The way I was doing this was to query the /proc/pid/maps, find the blocks that were being mapped and then seek through /proc/pid/pagemap, reading off the page status.

For every page that was mapped I would build a data structure and stick it into a linked list

struct blocklist {
    uint64_t address;
    struct blocklist *nextblock;
};
...
for (i = startaddr; i < endaddr; i++)
{
    block = malloc(sizeof (struct blocklist));
    block->address = i;
    block->nextblock = NULL;
    if (*lastblock == NULL){
        *lastblock = block;
        *header = block;
    } else {
        (*lastblock)->nextblock = block;
        *lastblock = block;
    }
}

But the problem with this code – an \mathcal{O}(n) algorithm – is that performance stinks. I was running it on a very underpowered laptop and got to about four days of wallclock time, in which time about 2 million steps had been taken.

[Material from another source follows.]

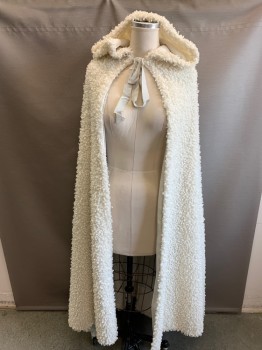 Unisex, Sci-Fi/Fantasy Cape/Cloak, MTO, White, Lt Gray, Synthetic, Solid, OS, Poodle Fur Texture, Hood, Tie at Neck, Lined in Light Gray,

So today I rewrote it with an essentially \mathcal{O}(1) algorithm – I allocate an array of arbitrary size (512 elements in current code) and fill that up – with a 0 value being the guard (ie marking the end). If more than 512 elements are needed then another 512 will be allocated and chained to the top and so on…


struct blockchain {
    int size;
    uint64_t *head;
    struct blockchain *tail;
};

uint64_t* blockalloc(int size)
{
    uint64_t *buf = calloc(size, sizeof(uint64_t));
    return buf;
}

struct blockchain *newchain(int size)
{
    struct blockchain *chain = NULL;
    chain = calloc(1, sizeof(struct blockchain));
    if (!chain)
        return NULL;
    chain->head = blockalloc(size);
    if (chain->head == NULL) {
        free(chain);
        return NULL;
    }
    chain->size = size;
    return chain;
}

/* recursively free the list */
void cleanchain(struct blockchain *chain)
{
    if (!chain)
        return;
    cleanchain(chain->tail);
    free(chain->head);
    free(chain);
    return;
}

/* set up a list */
struct blockchain* getnextblock(struct blockchain** chain,
struct blockchain** header, char* buf)
{
    int match, t = 0;
    uint64_t startaddr;
    uint64_t endaddr;
    uint64_t i;
    const char* pattern;
    regex_t reg;
    regmatch_t addresses[3];

    pattern = "^([0-9a-f]+)-([0-9a-f]+)";
    if (regcomp(&reg, pattern, REG_EXTENDED) != 0)
        goto ret;
    match = regexec(&reg, buf, (size_t)3, addresses, 0);
    if (match == REG_NOMATCH || match == REG_ESPACE)
         goto cleanup;
    startaddr = strtoul(&buf[addresses[1].rm_so], NULL, 16) >> PAGESHIFT;
    endaddr = strtoul(&buf[addresses[2].rm_so], NULL, 16) >> PAGESHIFT;
    if (*chain == NULL) {
        *chain = newchain(MEMBLOCK);
        if (*chain == NULL)
            goto cleanup;
        *header = *chain;
    }
    for (i = startaddr; i < endaddr; i++)
    {
        if (t >= MEMBLOCK) {
        struct blockchain *nxtchain = newchain(MEMBLOCK);
        if (!nxtchain)
             goto cleanup;
        (*chain)->tail = nxtchain;
        *chain = nxtchain;
        t = 0;
    }
    (*chain)->head[t] = i;
     t++;
    }
cleanup:
    regfree(&reg);
ret:
    return *chain;
}

As I am only testing this code now I don’t know if it will be faster – though everything tells me that it should be (though I am not entirely clear if this memory allocation issue is the real bottleneck in the program or whether it is just that a Pentium III is a Pentium III and there is nothing much I can do about that).

What I do know is that if it was not for the inspiration of Programming Pearls I probably would not even have bothered trying.